Zurich CIO predicts further QE to ward off recession
The economic cycle is going to be artificially prolonged thanks to a global trend toward quantitative easing, Blackfort CIO Andreas Bickel (pictured) has
told Citywire Switzerland. According to Bickel, stimulation from China and the ECB, along with a U-turn from the Fed, makes the end of the cycle an unlikely scenario.
‘China has started to stimulate the economy further with fiscal and monetary stimulus. The ECB imposed TLTRO III, which can be considered a QE
measure. They keep reinvesting maturing bonds, and [Mario] Draghi said they have more tools to stimulate if needed.

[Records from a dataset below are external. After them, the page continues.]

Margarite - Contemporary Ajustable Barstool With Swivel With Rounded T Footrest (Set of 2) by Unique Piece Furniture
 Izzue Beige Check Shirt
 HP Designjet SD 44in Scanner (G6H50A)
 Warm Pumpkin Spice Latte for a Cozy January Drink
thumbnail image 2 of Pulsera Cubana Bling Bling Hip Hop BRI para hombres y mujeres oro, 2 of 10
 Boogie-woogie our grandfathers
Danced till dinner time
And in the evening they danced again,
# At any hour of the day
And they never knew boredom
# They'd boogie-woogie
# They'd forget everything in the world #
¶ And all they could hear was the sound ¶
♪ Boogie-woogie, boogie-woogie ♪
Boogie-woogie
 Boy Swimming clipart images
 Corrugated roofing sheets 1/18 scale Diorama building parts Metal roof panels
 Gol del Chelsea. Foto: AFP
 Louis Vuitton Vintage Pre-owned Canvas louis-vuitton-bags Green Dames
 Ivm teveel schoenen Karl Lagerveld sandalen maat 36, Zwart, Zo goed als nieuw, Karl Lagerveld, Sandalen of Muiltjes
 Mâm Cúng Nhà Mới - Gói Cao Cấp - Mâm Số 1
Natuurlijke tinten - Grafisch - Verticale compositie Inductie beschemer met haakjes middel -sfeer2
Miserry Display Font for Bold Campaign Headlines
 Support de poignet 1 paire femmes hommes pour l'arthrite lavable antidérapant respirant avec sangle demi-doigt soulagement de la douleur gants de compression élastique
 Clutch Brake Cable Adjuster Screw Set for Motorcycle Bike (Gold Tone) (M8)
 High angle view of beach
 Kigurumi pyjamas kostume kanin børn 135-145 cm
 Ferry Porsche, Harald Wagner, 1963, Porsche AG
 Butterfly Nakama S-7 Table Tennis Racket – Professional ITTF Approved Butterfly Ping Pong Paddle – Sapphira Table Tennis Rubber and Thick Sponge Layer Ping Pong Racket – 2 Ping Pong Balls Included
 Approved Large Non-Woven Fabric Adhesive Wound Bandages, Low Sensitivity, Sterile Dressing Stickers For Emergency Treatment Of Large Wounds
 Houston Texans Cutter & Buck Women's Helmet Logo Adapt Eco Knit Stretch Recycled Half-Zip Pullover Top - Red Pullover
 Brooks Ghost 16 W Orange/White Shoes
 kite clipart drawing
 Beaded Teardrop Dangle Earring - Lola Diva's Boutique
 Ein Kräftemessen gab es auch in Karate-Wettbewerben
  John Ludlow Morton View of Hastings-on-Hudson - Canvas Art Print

‘The US is on hold for rate hikes and will stop shrinking the balance sheet. The BOE is on hold, although fiscal stimulus is discussed and [Mark] Carney
might be forced to react if Brexit escalates.’ This may be the right way to go, Bickel explained, as pulling back may rock markets that are yet to recover fully from the most recent crisis.
‘The recovery after the financial crisis was very modest. There are still countries which are not back to pre-2008 levels. Debt burdens – public and
private – are too high for higher rates. How to solve that? Definitely not by tightening at the moment,’ he said. He also noted that keeping markets steady in the short term would require a
consolidation. However, in the medium term, he believes that banks will stay the course. He said: ‘Rates will stay low for longer, disinflation will continue and stimulus will continue.
‘Equities are in a secular bull market. We have now seen a correction, and we are waiting to see if we can regain the all-time highs of last year. If PMIs are
any guide, there is hope that we can reaccelerate in industrial production, but the IFO is contradicting this opinion. There is no clear call.’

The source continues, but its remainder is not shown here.